PoliciesMultiPlayers.rhoRandSticky module

rhoRandSticky: implementation of a variant of the multi-player policy rhoRand from [Distributed Algorithms for Learning…, Anandkumar et al., 2010](http://ieeexplore.ieee.org/document/5462144/).

  • Each child player is selfish, and plays according to an index policy (any index policy, e.g., UCB, Thompson, KL-UCB, BayesUCB etc),

  • But instead of aiming at the best (the 1-st best) arm, player i aims at the rank_i-th best arm,

  • At first, every player has a random rank_i from 1 to M, and when a collision occurs, rank_i is sampled from a uniform distribution on [1, .., M] where M is the number of player.

  • The only difference with rhoRand is that once a player selected a rank and did not encounter a collision for STICKY_TIME time steps, he will never change his rank. rhoRand has STICKY_TIME = +oo, MusicalChair is something like STICKY_TIME = 1, this variant rhoRandSticky has this as a parameter.

Note

This is not fully decentralized: as each child player needs to know the (fixed) number of players.

PoliciesMultiPlayers.rhoRandSticky.STICKY_TIME = 10

Default value for STICKY_TIME

class PoliciesMultiPlayers.rhoRandSticky.oneRhoRandSticky(maxRank, stickyTime, *args, **kwargs)[source]

Bases: PoliciesMultiPlayers.rhoRand.oneRhoRand

Class that acts as a child policy, but in fact it pass all its method calls to the mother class, who passes it to its i-th player.

  • Except for the handleCollision method: a new random rank is sampled after observing a collision,

  • And the player does not aim at the best arm, but at the rank-th best arm, based on her index policy.

__init__(maxRank, stickyTime, *args, **kwargs)[source]

Initialize self.
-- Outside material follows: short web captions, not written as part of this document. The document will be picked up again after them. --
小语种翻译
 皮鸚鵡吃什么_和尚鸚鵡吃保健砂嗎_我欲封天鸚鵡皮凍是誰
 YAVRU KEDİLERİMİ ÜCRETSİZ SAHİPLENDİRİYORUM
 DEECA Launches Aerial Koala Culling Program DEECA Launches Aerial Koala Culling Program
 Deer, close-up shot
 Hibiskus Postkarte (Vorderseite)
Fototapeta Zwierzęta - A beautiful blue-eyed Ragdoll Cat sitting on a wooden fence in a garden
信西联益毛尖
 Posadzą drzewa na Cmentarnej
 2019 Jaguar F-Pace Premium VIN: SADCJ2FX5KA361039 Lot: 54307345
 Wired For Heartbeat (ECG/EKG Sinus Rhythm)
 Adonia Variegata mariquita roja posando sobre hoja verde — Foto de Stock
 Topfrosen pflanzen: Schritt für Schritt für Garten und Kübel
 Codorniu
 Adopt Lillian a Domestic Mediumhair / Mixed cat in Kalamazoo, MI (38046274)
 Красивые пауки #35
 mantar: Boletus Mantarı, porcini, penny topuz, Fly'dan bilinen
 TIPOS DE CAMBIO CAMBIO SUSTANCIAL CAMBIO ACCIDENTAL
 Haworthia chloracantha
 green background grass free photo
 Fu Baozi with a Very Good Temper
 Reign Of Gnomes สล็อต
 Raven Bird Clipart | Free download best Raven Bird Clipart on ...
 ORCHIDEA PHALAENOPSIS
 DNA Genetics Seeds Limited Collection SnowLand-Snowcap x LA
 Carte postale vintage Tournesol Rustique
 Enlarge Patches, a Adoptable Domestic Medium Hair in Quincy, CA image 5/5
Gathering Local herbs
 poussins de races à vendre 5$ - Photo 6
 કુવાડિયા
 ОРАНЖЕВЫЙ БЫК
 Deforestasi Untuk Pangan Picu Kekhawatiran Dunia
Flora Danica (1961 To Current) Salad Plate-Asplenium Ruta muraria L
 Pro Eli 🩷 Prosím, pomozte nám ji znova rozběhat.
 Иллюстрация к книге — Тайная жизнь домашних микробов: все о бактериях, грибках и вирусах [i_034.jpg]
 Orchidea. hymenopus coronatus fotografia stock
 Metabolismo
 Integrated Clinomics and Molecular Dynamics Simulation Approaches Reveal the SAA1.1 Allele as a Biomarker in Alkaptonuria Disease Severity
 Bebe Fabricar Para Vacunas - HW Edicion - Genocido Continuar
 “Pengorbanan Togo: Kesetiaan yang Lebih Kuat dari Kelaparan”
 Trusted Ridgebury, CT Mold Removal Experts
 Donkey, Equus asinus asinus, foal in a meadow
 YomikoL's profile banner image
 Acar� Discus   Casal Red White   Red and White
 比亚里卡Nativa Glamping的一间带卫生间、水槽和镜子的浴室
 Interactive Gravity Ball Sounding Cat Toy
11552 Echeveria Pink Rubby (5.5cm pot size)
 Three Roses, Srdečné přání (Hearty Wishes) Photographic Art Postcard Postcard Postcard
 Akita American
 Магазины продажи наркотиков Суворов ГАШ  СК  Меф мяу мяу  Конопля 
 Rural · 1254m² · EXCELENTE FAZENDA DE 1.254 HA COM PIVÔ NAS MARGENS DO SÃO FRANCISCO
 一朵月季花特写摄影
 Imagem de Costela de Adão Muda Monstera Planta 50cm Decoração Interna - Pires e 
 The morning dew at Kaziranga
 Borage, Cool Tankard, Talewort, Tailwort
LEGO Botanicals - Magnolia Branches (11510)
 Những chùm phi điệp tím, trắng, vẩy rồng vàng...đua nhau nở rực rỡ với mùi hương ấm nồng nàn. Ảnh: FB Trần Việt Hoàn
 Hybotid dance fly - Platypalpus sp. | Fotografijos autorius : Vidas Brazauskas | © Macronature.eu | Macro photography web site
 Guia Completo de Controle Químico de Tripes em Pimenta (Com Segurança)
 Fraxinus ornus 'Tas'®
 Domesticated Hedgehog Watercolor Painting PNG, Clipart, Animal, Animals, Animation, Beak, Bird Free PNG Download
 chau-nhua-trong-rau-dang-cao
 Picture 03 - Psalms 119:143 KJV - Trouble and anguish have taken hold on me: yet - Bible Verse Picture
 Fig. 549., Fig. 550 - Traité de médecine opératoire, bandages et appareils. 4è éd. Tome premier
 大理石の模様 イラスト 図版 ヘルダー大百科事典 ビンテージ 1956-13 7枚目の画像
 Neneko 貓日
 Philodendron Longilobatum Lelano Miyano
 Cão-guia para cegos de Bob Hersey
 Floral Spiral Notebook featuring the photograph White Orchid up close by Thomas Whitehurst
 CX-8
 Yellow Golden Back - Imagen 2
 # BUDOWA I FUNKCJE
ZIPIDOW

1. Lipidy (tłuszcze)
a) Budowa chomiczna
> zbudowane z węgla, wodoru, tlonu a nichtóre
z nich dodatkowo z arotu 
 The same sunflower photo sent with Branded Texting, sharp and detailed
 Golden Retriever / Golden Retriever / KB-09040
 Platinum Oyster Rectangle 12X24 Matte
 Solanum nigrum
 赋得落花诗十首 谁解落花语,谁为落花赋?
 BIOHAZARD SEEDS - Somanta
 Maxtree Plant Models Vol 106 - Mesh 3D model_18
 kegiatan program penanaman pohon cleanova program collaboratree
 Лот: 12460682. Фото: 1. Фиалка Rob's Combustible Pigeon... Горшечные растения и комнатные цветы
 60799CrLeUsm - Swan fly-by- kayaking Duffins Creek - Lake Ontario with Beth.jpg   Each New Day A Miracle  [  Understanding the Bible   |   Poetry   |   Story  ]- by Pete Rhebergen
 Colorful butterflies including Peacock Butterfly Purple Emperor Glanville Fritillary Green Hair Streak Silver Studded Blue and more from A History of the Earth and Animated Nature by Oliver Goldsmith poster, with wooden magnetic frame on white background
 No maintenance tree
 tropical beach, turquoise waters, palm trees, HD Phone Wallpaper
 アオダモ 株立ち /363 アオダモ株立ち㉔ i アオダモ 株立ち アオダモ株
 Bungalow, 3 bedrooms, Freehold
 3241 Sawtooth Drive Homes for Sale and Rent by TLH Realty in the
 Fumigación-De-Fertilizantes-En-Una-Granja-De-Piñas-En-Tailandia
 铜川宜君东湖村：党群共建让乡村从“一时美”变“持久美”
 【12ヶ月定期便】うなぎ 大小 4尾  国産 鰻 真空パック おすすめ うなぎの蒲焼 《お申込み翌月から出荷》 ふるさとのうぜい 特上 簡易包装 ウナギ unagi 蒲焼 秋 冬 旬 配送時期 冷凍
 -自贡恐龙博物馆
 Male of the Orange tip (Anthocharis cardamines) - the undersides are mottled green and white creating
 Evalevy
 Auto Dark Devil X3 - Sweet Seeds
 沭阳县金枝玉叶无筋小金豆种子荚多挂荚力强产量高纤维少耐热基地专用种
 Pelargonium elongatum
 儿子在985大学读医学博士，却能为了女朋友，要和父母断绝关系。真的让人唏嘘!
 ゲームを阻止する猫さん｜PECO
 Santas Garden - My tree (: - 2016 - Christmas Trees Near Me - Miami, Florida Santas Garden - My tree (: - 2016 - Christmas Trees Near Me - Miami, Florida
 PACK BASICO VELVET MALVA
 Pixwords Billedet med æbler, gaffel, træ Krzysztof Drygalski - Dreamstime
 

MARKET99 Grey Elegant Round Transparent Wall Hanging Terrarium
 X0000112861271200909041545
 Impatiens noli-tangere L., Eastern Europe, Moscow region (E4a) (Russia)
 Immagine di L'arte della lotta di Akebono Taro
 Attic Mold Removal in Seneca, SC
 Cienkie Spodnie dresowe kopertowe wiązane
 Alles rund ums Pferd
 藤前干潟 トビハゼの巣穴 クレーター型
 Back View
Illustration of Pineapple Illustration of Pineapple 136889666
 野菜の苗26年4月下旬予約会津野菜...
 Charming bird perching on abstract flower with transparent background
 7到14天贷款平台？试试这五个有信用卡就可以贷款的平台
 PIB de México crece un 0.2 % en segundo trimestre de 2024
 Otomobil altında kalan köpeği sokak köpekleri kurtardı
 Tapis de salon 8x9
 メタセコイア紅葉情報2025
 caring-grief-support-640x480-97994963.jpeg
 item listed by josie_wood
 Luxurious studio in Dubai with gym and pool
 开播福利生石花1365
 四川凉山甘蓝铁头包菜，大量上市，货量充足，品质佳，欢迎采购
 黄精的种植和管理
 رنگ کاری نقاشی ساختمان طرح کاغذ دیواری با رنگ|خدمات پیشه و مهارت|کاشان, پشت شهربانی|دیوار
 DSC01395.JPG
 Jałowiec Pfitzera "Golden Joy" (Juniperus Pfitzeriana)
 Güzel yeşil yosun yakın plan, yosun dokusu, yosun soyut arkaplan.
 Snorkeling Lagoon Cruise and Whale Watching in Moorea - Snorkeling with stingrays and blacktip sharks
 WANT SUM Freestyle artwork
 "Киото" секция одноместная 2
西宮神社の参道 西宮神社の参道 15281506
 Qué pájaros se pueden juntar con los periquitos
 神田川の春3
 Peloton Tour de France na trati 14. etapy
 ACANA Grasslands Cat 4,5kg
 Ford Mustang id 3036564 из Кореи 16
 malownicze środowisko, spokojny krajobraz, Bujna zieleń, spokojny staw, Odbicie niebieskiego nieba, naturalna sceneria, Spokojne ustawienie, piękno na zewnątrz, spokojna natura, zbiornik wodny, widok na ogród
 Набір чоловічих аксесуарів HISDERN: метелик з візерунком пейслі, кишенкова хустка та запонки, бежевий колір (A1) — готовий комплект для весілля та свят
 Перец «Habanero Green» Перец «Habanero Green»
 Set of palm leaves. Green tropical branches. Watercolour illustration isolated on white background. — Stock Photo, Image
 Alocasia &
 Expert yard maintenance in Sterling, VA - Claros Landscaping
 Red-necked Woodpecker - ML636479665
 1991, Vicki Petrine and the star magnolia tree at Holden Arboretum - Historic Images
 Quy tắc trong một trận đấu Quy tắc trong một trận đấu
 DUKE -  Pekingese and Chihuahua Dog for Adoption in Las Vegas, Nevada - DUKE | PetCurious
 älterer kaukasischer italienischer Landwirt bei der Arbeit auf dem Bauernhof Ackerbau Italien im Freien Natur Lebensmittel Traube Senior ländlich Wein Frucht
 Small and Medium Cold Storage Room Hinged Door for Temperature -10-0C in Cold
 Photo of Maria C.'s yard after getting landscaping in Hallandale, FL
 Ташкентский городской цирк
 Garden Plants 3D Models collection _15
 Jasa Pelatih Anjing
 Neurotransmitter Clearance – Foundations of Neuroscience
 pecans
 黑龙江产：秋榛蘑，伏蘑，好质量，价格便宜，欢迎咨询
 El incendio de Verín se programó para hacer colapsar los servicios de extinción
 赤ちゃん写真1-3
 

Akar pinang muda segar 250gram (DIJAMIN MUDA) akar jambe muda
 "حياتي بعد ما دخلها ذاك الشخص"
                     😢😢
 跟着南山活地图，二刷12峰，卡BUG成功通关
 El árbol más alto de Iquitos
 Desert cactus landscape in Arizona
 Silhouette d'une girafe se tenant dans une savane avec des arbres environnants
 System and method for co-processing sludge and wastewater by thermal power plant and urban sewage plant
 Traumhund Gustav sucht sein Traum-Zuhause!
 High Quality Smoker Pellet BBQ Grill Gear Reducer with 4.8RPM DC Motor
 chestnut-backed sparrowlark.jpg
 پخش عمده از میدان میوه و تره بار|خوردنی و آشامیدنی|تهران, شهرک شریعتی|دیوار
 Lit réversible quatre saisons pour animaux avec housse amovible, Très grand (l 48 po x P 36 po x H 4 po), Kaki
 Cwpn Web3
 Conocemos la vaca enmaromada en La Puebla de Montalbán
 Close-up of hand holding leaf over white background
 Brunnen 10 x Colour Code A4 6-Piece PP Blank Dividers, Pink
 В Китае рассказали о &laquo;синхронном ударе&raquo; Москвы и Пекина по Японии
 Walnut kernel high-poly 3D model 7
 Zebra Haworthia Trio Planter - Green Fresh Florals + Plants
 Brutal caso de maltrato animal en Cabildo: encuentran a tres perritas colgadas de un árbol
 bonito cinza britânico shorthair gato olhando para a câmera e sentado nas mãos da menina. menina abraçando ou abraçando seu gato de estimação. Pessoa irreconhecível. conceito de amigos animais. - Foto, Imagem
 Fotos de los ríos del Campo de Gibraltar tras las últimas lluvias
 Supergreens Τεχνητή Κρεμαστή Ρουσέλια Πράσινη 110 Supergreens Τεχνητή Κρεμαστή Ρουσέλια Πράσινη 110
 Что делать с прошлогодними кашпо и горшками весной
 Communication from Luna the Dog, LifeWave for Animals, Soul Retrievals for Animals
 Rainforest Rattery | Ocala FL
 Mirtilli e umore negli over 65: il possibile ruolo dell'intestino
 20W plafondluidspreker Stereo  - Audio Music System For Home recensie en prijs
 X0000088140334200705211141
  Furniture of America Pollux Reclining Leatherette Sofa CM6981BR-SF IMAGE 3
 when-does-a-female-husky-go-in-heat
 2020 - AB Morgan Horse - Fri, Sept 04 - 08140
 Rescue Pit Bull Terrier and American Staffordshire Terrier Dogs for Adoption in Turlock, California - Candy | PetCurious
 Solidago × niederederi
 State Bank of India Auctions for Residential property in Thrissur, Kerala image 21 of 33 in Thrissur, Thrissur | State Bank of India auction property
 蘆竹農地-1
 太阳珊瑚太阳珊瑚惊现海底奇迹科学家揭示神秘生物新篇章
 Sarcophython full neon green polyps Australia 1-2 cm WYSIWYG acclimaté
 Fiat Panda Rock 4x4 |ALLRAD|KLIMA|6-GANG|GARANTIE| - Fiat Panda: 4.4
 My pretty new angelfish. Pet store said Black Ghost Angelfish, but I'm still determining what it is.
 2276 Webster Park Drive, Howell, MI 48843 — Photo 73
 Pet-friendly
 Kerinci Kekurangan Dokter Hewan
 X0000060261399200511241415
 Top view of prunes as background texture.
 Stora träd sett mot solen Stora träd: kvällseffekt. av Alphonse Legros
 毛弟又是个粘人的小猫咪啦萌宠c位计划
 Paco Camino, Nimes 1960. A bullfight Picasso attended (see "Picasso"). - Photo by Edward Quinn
See help(type(self)) for accurate signature.

maxRank = None

Max rank, usually nbPlayers but can be different

stickyTime = None

Number of time steps needed without collisions before sitting (never changing rank again)

rank = None

Current rank, starting to 1 by default

sitted = None

Not yet sitted. After stickyTime steps without collisions, sit and never change rank again.

stepsWithoutCollisions = None

Number of steps since we chose that rank and did not see any collision. As soon as this gets greater than stickyTime, the player sit.

__str__()[source]

Return str(self).

startGame()[source]

Start game.

handleCollision(arm, reward=None)[source]

Get a new fully random rank, and give reward to the algorithm if not None.

getReward(arm, reward)[source]

Pass the call to self.mother._getReward_one(playerId, arm, reward) with the player’s ID number.

  • Additionally, if the current rank was good enough to not bring any collision during the last stickyTime time steps, the player “sits” on that rank.

__module__ = 'PoliciesMultiPlayers.rhoRandSticky'
class PoliciesMultiPlayers.rhoRandSticky.rhoRandSticky(nbPlayers, nbArms, playerAlgo, stickyTime=10, maxRank=None, lower=0.0, amplitude=1.0, *args, **kwargs)[source]

Bases: PoliciesMultiPlayers.rhoRand.rhoRand

rhoRandSticky: implementation of a variant of the multi-player policy rhoRand from [Distributed Algorithms for Learning…, Anandkumar et al., 2010](http://ieeexplore.ieee.org/document/5462144/).

__init__(nbPlayers, nbArms, playerAlgo, stickyTime=10, maxRank=None, lower=0.0, amplitude=1.0, *args, **kwargs)[source]
  • nbPlayers: number of players to create (in self._players).

  • playerAlgo: class to use for every players.

  • nbArms: number of arms, given as first argument to playerAlgo.

  • stickyTime: given to the oneRhoRandSticky objects (see above).

  • maxRank: maximum rank allowed by the rhoRandSticky child (default to nbPlayers, but for instance if there is 2 × rhoRandSticky[UCB] + 2 × rhoRandSticky[klUCB], maxRank should be 4 not 2).

  • *args, **kwargs: arguments, named arguments, given to playerAlgo.

Example:

>>> from Policies import *
>>> import random; random.seed(0); import numpy as np; np.random.seed(0)
>>> nbArms = 17
>>> nbPlayers = 6
>>> stickyTime = 5
>>> s = rhoRandSticky(nbPlayers, nbArms, UCB, stickyTime=stickyTime)
>>> [ child.choice() for child in s.children ]
[12, 15, 0, 3, 3, 7]
>>> [ child.choice() for child in s.children ]
[9, 4, 6, 12, 1, 6]
  • To get a list of usable players, use s.children.

Warning

s._players is for internal use ONLY!

maxRank = None

Max rank, usually nbPlayers but can be different

stickyTime = None

Number of time steps needed without collisions before sitting (never changing rank again)

nbPlayers = None

Number of players

children = None

List of children, fake algorithms

nbArms = None

Number of arms

__str__()[source]

Return str(self).

__module__ = 'PoliciesMultiPlayers.rhoRandSticky'